Contrairement à ce qu’imagine George Orwell* la novlangue managériale n’est pas créée délibérément par une instance supérieure, Big Brother** et son administration. C’est, en réalité, un processus plus diffus, souterrain et insidieux, qui se met en place, tout d’abord, dans le discours des managers et consultants, au sein des entreprises, avec le discours du développement de soi.
Le terme « novlangue » désigne une forme de langage construit et totalement artificiel, qui vide certains mots et concepts de leur sens pour empêcher les personnes de raisonner librement. Cette nouvelle façon de s’exprimer, avec ses codes et ses pratiques, peut s’avérer nocive, notamment quand elle est utilisée pour gérer des situations complexes.

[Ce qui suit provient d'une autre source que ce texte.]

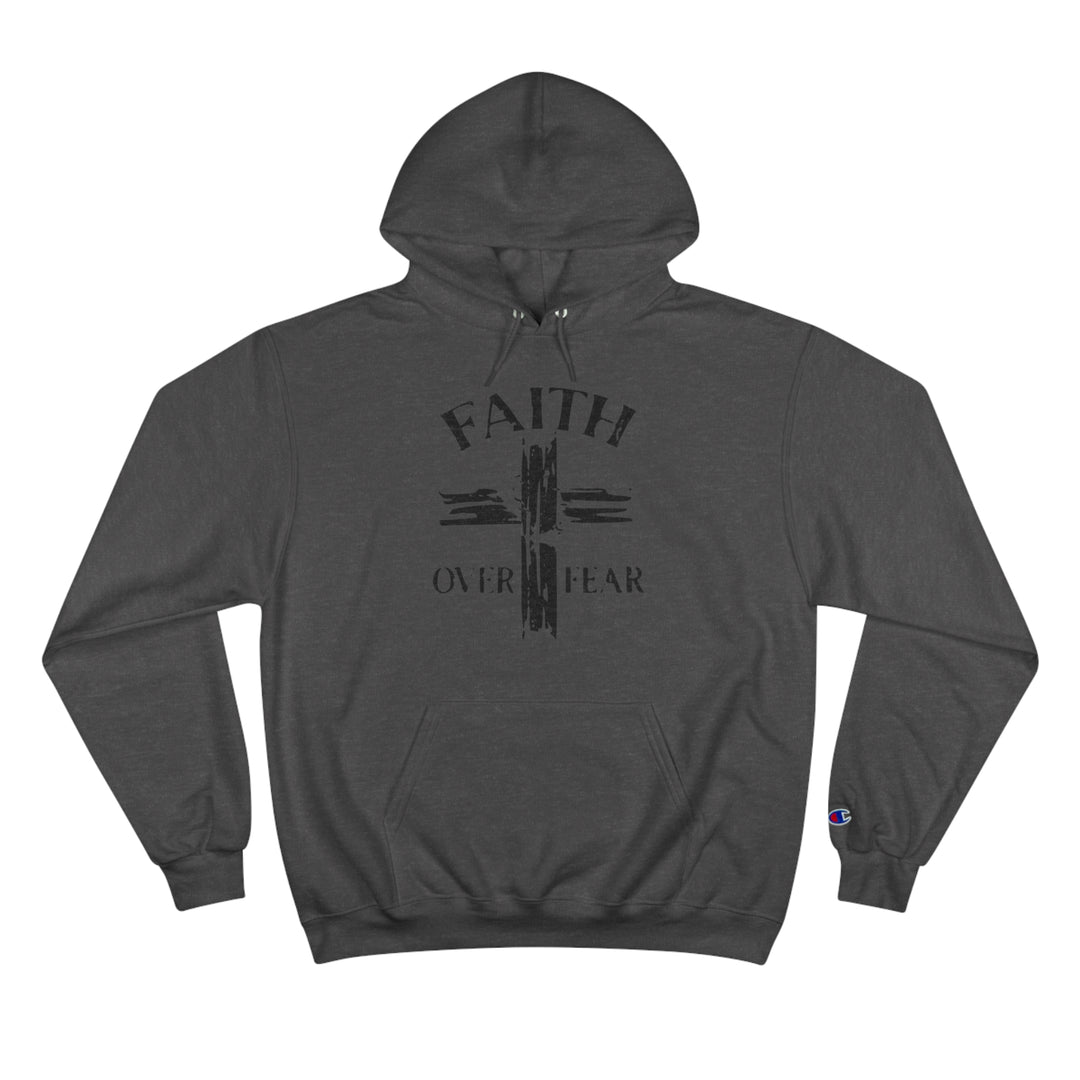 FAITH OVER FEAR-Champion Hoodie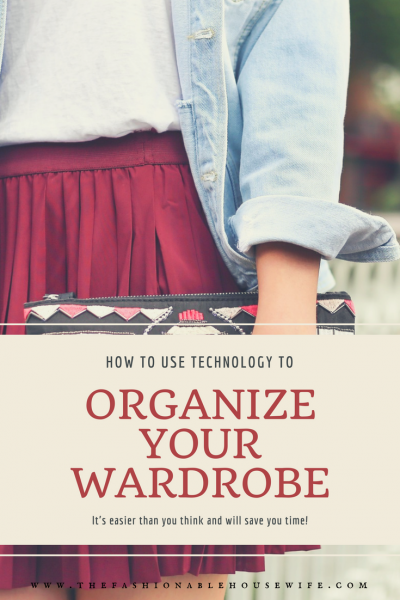 How To Use Technology To Organize Your Wardrobe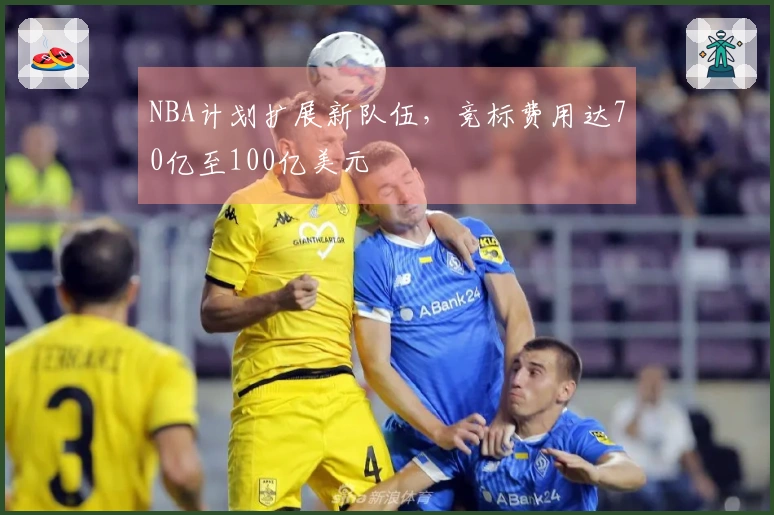 NBA计划扩展新队伍，竞标费用达70亿至100亿美元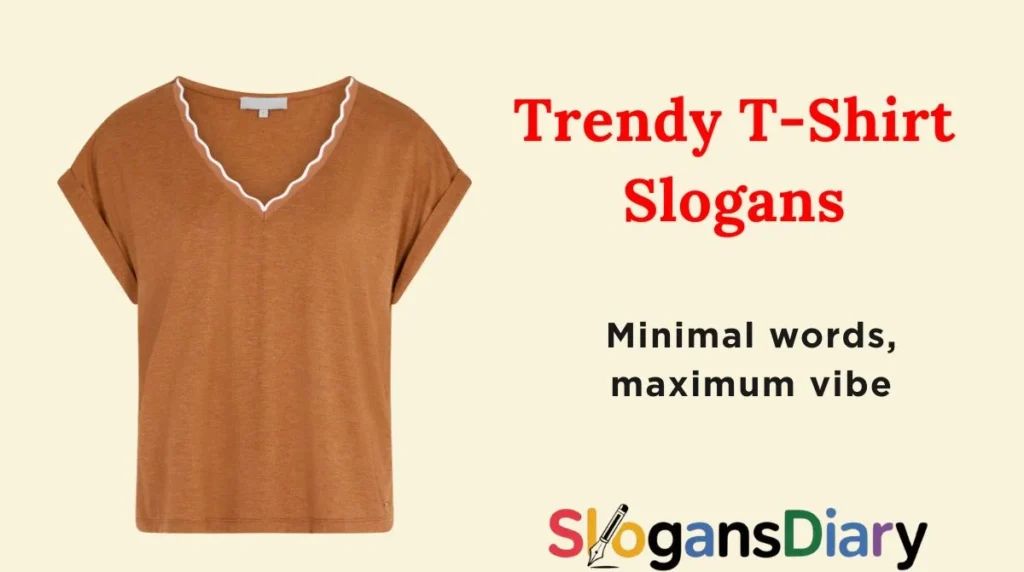 Trendy T-Shirt Slogans
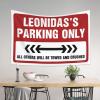Men Cave Decor Leonidas'S Parking Only Tapestry Funny Kitchen Decor Large Tapestry (Size : 100X150CM) view 3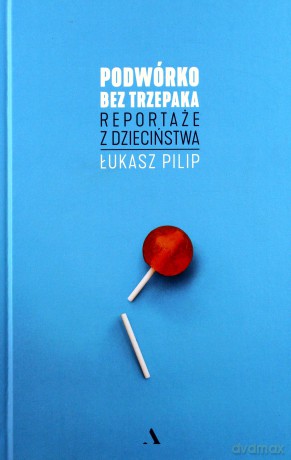 Podwórko bez trzepaka. Reportaże z dzieciństwa - Łukasz Pilip [KSIĄŻKA]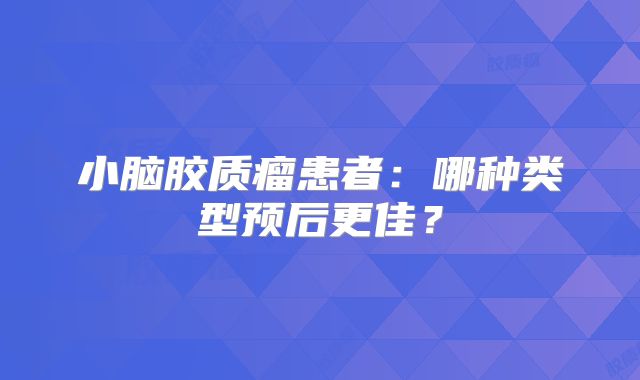 小脑胶质瘤患者：哪种类型预后更佳？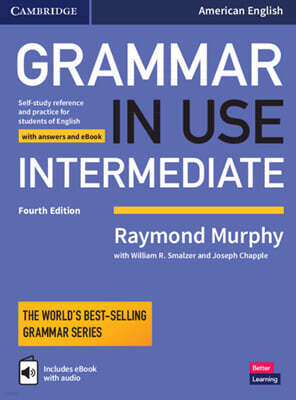 Grammar in Use Intermediate Student's Book With Answers and Interactive Ebook, 4/E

La novlangue : ses caractéristiques
Un lexique propre à l’entreprise est créé, lexique qui permet de fabriquer une culture, un esprit d’entreprise commun.
La novlangue est aussi beaucoup utilisée pour atténuer le sens d’une mauvaise nouvelle. Par exemple, si vous réalisez que le projet ne se déroule pas comme prévu et que les effectifs de l’équipe vont devoir être réduits, vous annoncez à vos collaborateurs : «Nous allons devoir nous réaligner et recadrer un peu les acteurs. Il va aussi falloir latéraliser quelques-unes de nos compétences.» «Latéraliser» signifiant ici «mettre de côté» ou «mettre entre parenthèses», c’est-à-dire, de manière très claire, supprimer.
Les acronymes, anglicismes et abréviations diverses forment un jargon d’initié qui crée un effet d’appartenance. A l’inverse ce jargon met les non-initiés en situation de vulnérabilité.
Dans la novlangue managériale, il y a aussi le ‘nous’ et le ‘tu’ enveloppés dans de grands et nobles substantifs aux contours flous comme « transparence », « excellence », « intégrité ». Pour le collaborateur, appelé à porter fièrement les valeurs de l’entreprise, ce n’est plus juste un job, mais une promesse existentielle.
Il y a surtout l’euphémisme triomphant : sa fonction principale est de nier les conflits et la brutalité des rapports du pouvoir. Grâce à cette optimisation lexicale, même quand tout va mal, tout va bien et le collaborateur pris entre discours idéal et réalité concrète se dit que, finalement, le problème, c’est peut-être lui. L’utilisation de la novlangue par les managers révèle une indifférence à l’égard des
collaborateurs de leurs équipes.
La novlangue, instrument de pouvoir
La novlangue managériale constitue un instrument de pouvoir. Ses trois objectifs principaux sont de véhiculer une idéologie, asseoir le pouvoir des dirigeants et influencer les comportements des collaborateurs.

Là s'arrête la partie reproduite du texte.